> **Records from a collection**:
□ □ □

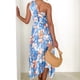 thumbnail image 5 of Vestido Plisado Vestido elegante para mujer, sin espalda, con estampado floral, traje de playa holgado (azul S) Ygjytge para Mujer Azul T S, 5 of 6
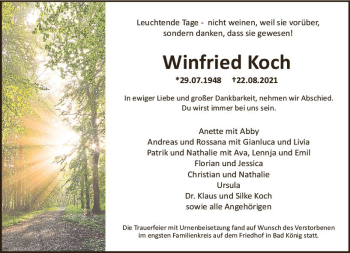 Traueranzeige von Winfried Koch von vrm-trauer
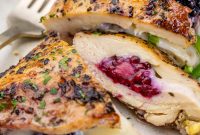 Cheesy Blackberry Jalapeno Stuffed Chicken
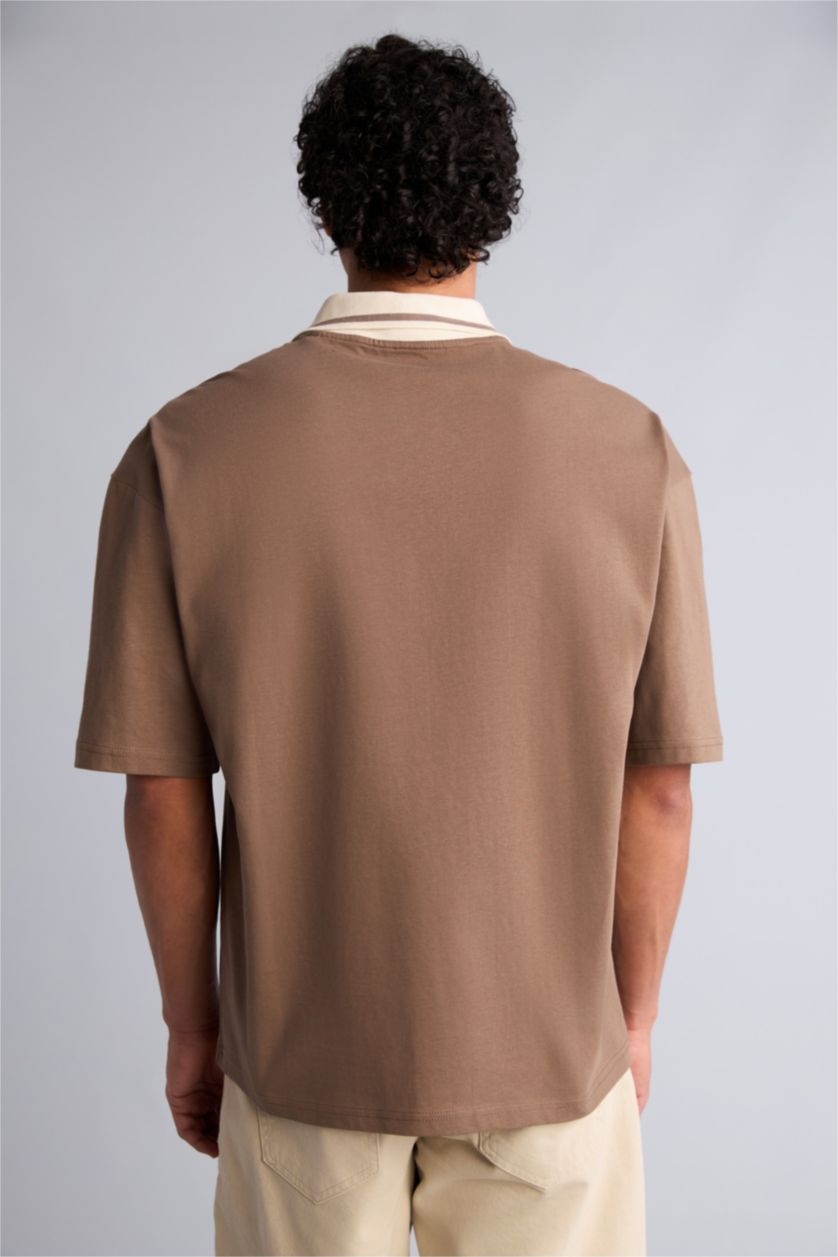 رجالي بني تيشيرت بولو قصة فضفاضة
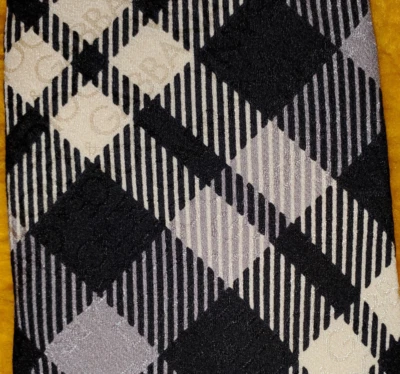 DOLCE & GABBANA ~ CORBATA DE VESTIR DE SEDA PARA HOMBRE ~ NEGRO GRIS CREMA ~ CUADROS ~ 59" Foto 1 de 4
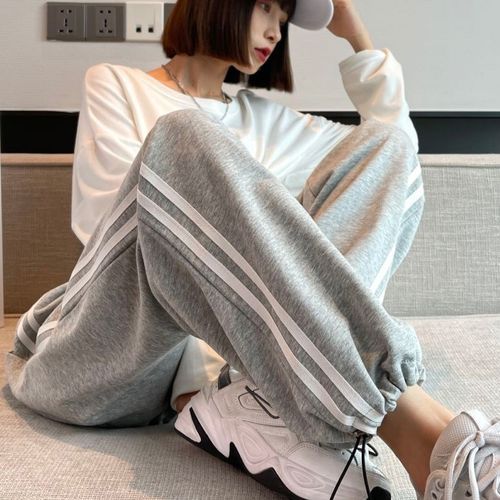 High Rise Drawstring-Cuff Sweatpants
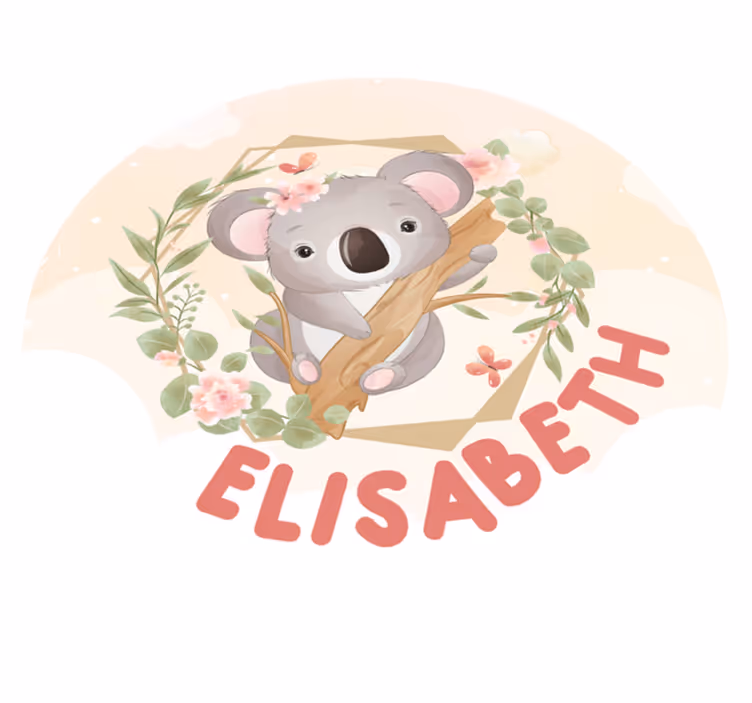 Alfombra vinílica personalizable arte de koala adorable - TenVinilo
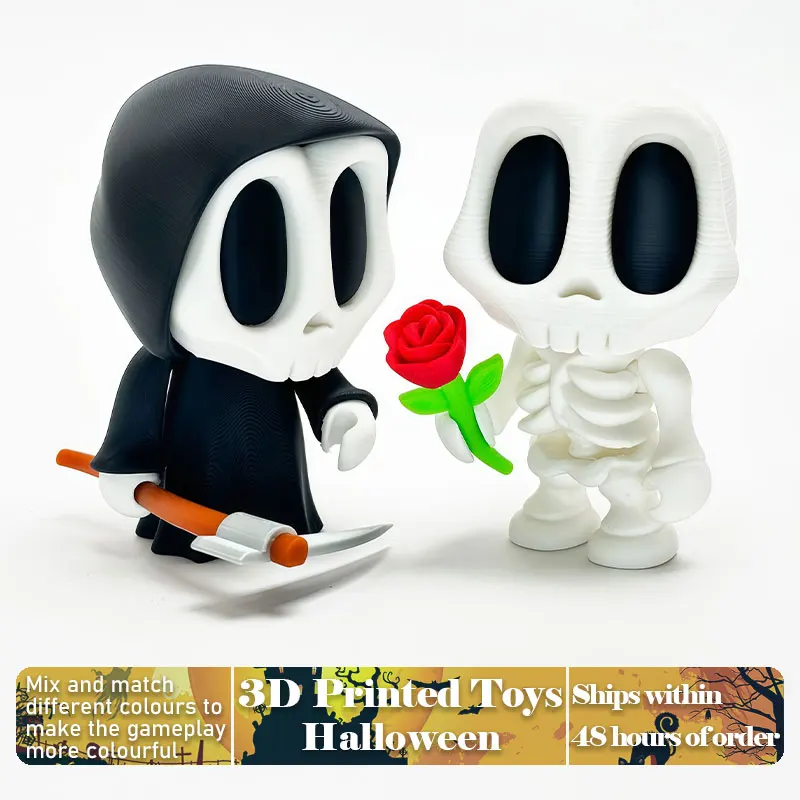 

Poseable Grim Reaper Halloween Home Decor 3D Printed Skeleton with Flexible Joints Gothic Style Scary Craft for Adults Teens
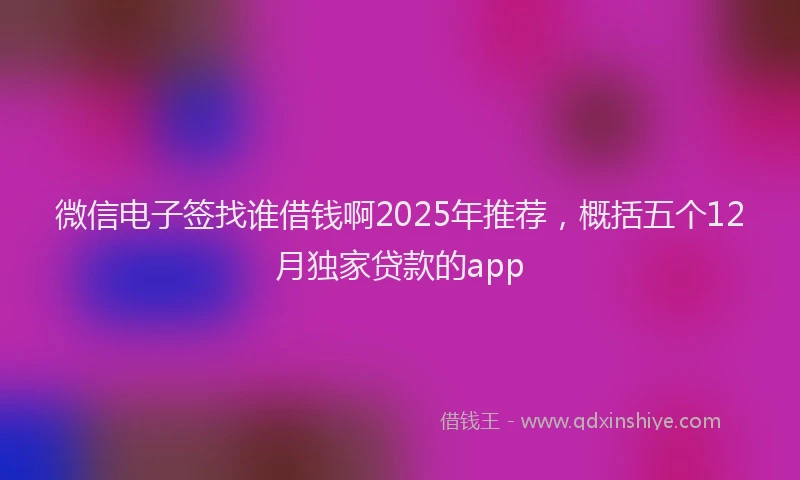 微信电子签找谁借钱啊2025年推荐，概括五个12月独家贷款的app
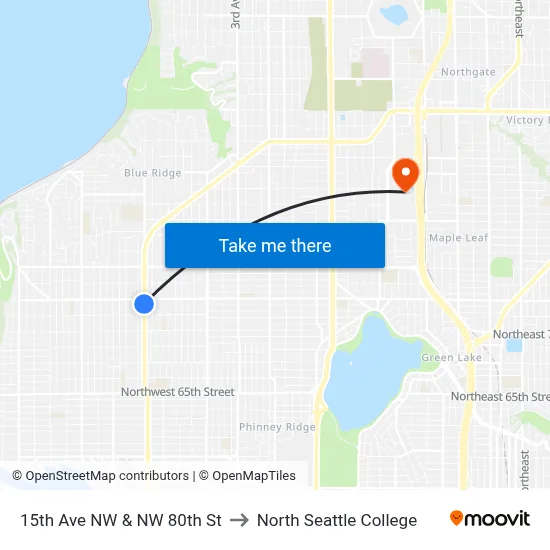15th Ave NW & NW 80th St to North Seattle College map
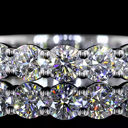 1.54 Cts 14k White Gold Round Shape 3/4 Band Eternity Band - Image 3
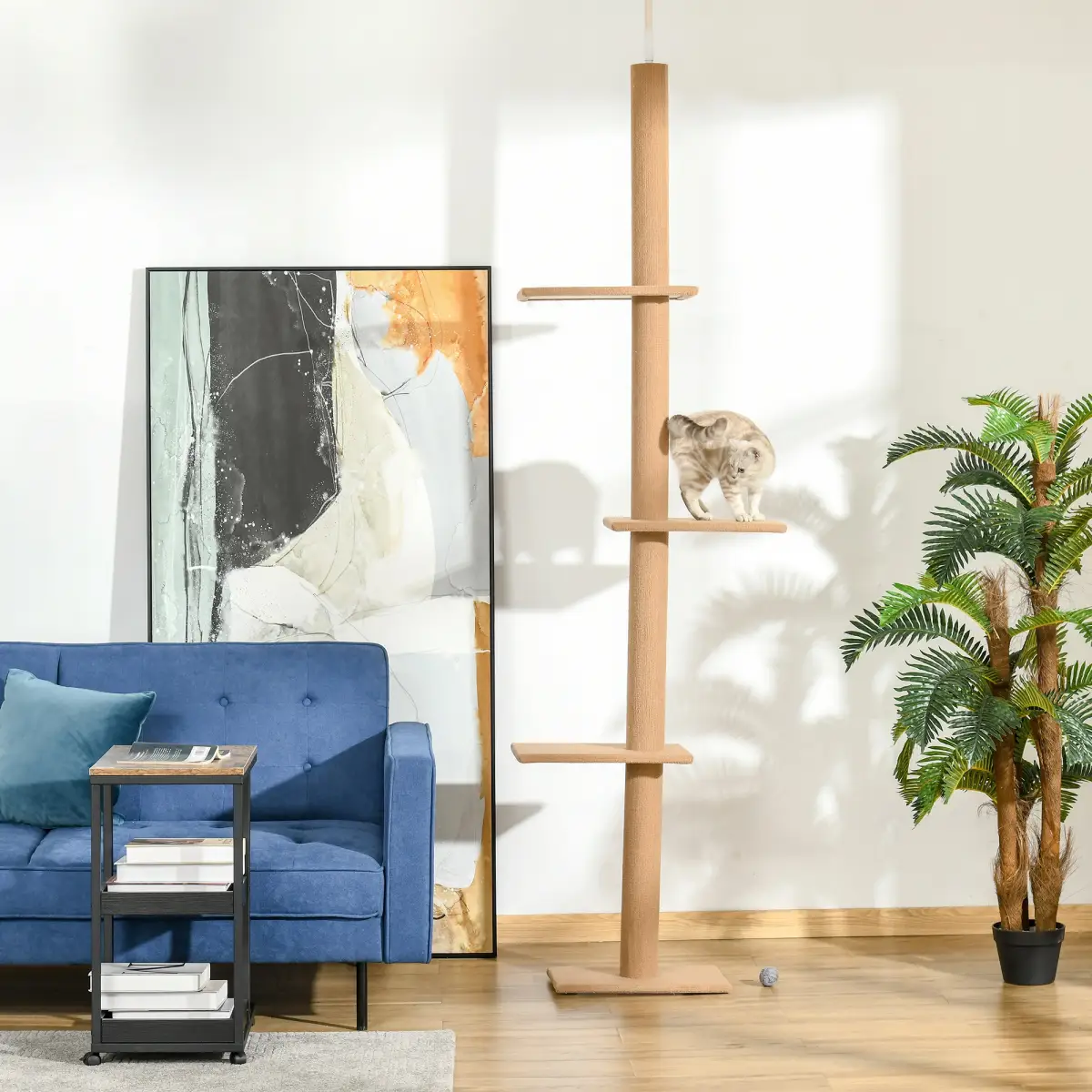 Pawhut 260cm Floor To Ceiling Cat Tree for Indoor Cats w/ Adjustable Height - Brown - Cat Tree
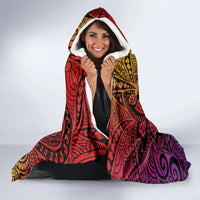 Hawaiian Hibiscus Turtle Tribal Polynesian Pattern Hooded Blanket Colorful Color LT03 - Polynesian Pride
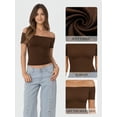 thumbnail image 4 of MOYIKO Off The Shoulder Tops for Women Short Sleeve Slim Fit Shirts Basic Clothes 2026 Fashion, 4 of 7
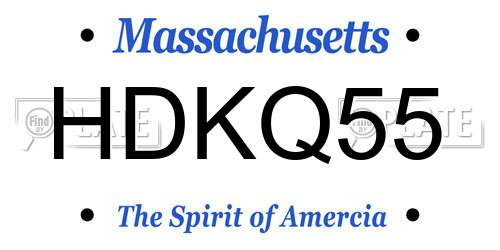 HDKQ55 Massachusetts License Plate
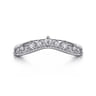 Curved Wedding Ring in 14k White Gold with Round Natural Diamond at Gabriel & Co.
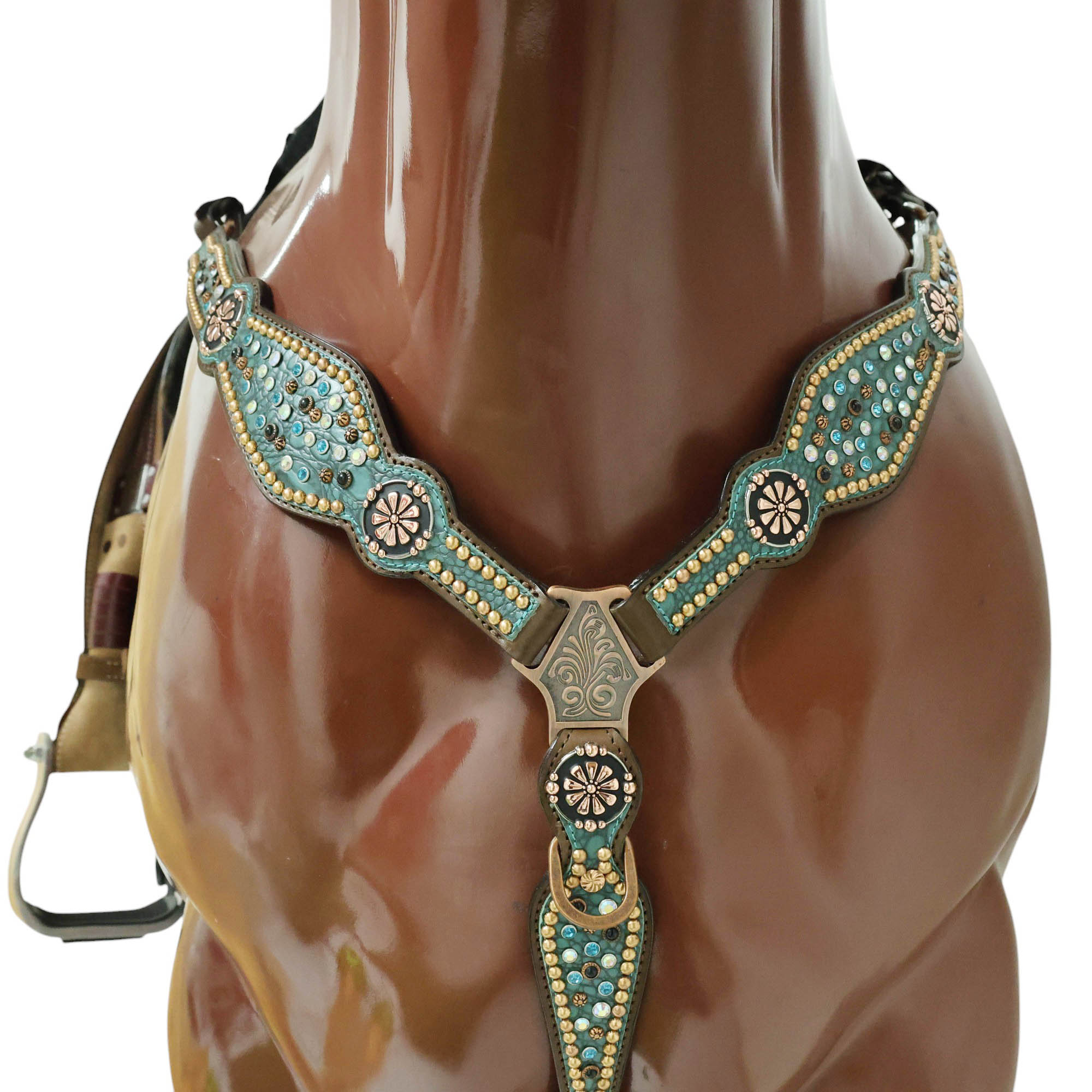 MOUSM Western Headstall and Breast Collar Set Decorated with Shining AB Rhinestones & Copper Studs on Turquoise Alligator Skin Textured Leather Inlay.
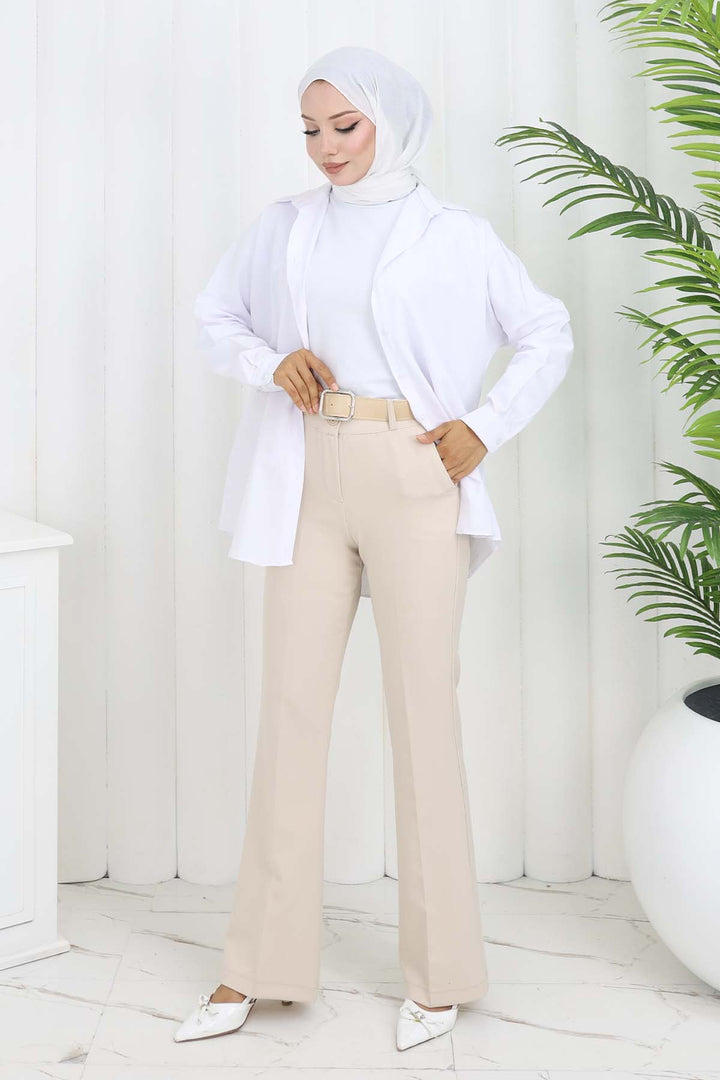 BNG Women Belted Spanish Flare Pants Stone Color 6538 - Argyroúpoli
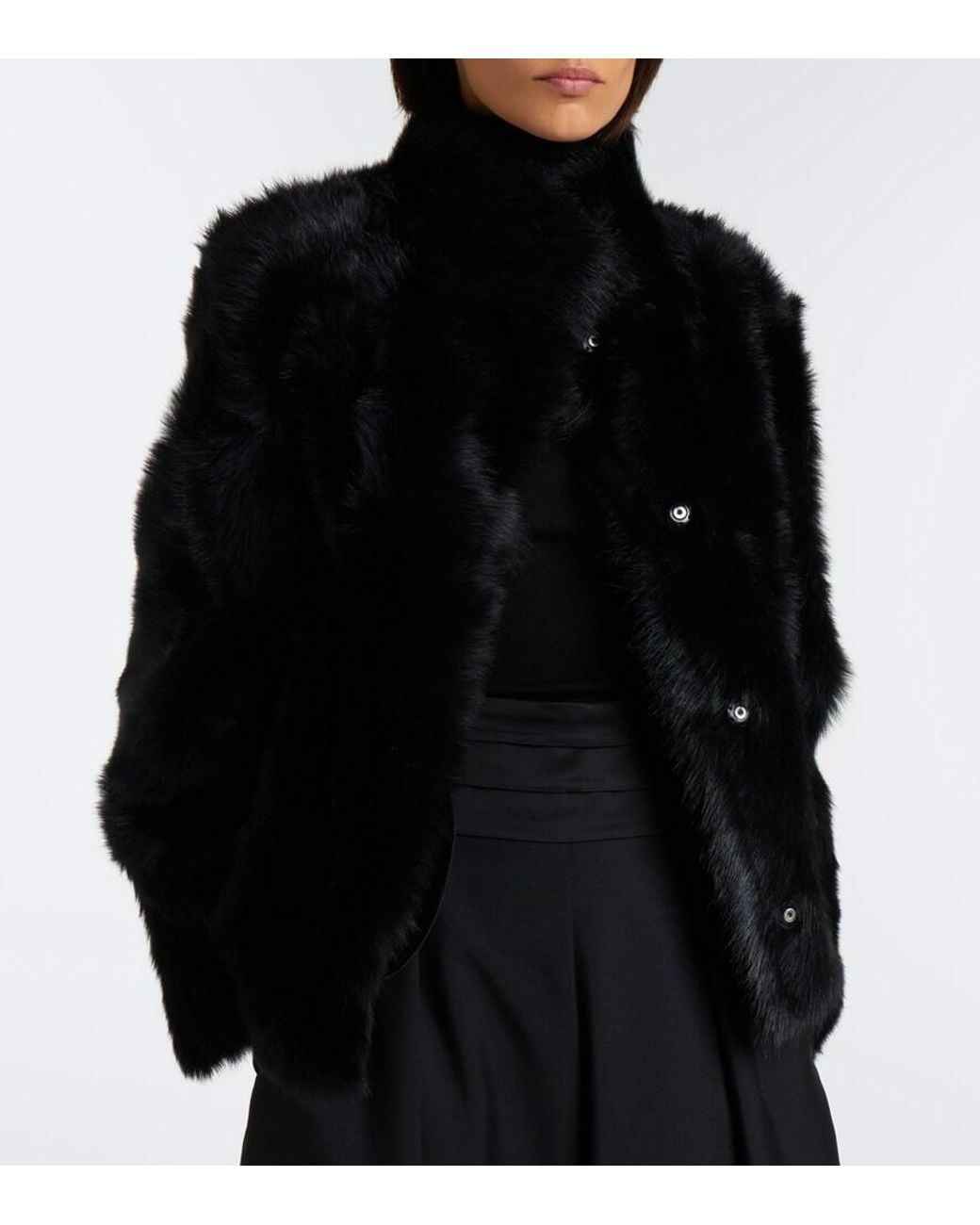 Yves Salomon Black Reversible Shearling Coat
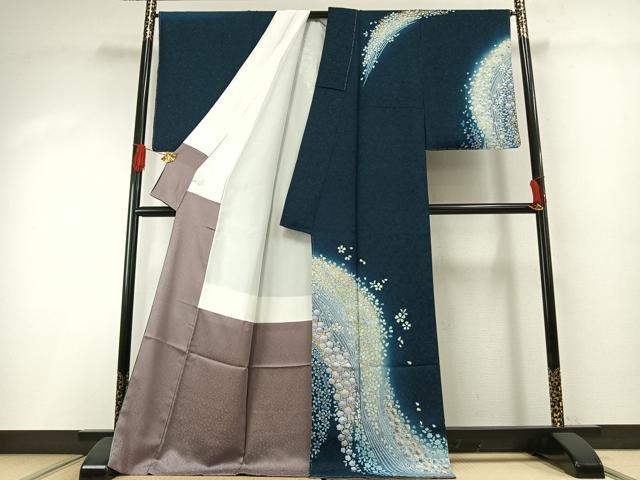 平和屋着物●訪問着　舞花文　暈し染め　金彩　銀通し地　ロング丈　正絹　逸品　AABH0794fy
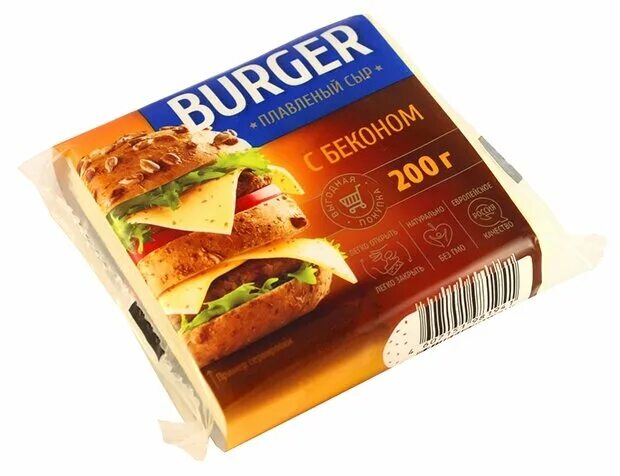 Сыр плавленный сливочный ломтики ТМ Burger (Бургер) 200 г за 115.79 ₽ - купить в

□ □ □

> **Action item**: Word for word, restate the lines above from the one with "Alfombra vinílica personalizable" through the one with "Pawhut 260cm Floor", keeping both ends and dropping the pictures.

> **Written answer**:
 Alfombra vinílica personalizable arte de koala adorable - TenVinilo

Poseable Grim Reaper Halloween Home Decor 3D Printed Skeleton with Flexible Joints Gothic Style Scary Craft for Adults Teens
 微信电子签找谁借钱啊2025年推荐，概括五个12月独家贷款的app
15th Ave NW & NW 80th St to North Seattle College map
 1.54 Cts 14k White Gold Round Shape 3/4 Band Eternity Band - Image 3
 Pawhut 260cm Floor To Ceiling Cat Tree for Indoor Cats w/ Adjustable Height - Brown - Cat Tree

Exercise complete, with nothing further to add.